DATA EXTRACTS: Begin

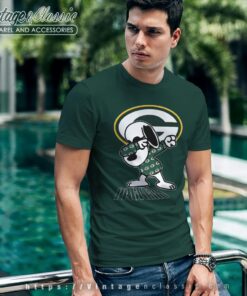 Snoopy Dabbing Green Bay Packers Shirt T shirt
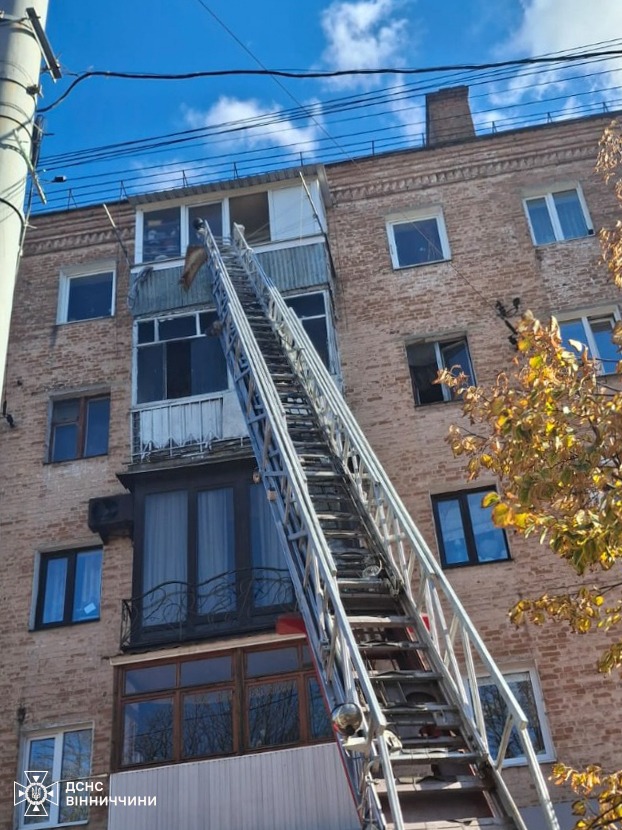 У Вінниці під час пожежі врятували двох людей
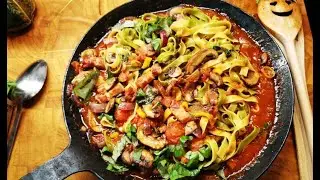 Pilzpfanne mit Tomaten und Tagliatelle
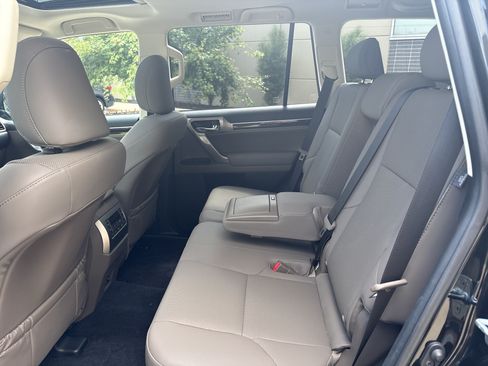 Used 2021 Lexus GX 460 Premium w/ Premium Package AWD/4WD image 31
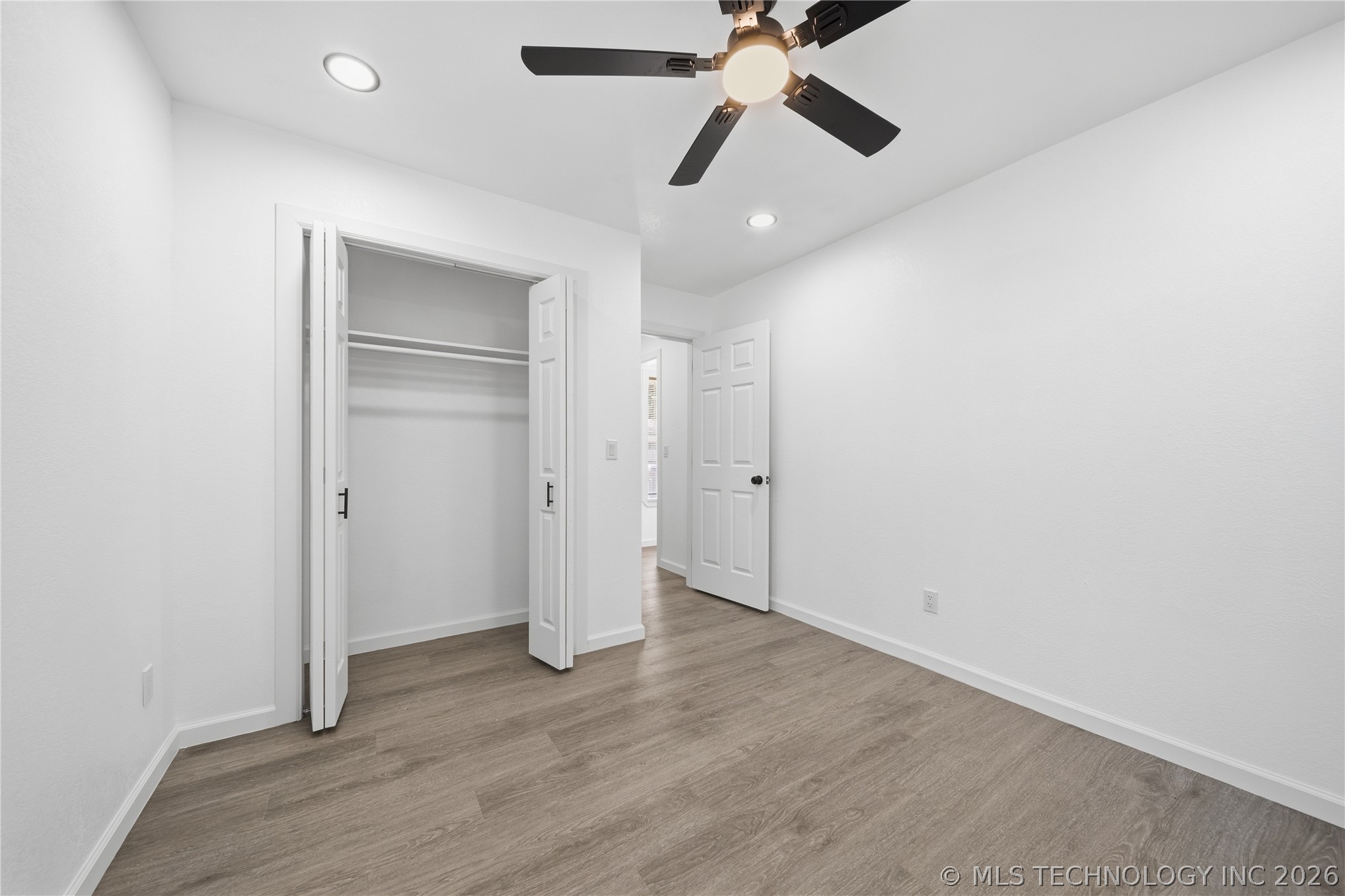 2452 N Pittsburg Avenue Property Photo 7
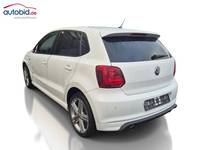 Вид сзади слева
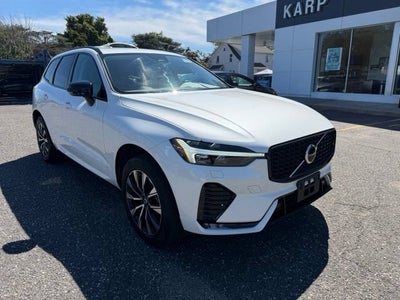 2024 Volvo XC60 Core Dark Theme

DATA EXTRACTS: End

This calls for an exact copy of all the entries above, with the pictures omitted.

→ **OUTPUT**:
 Snoopy Dabbing Green Bay Packers Shirt T shirt
 У Вінниці під час пожежі врятували двох людей
 Pilzpfanne mit Tomaten und Tagliatelle
 Used 2021 Lexus GX 460 Premium w/ Premium Package AWD/4WD image 31
 2452 N Pittsburg Avenue Property Photo 7
 Вид сзади слева
 2024 Volvo XC60 Core Dark Theme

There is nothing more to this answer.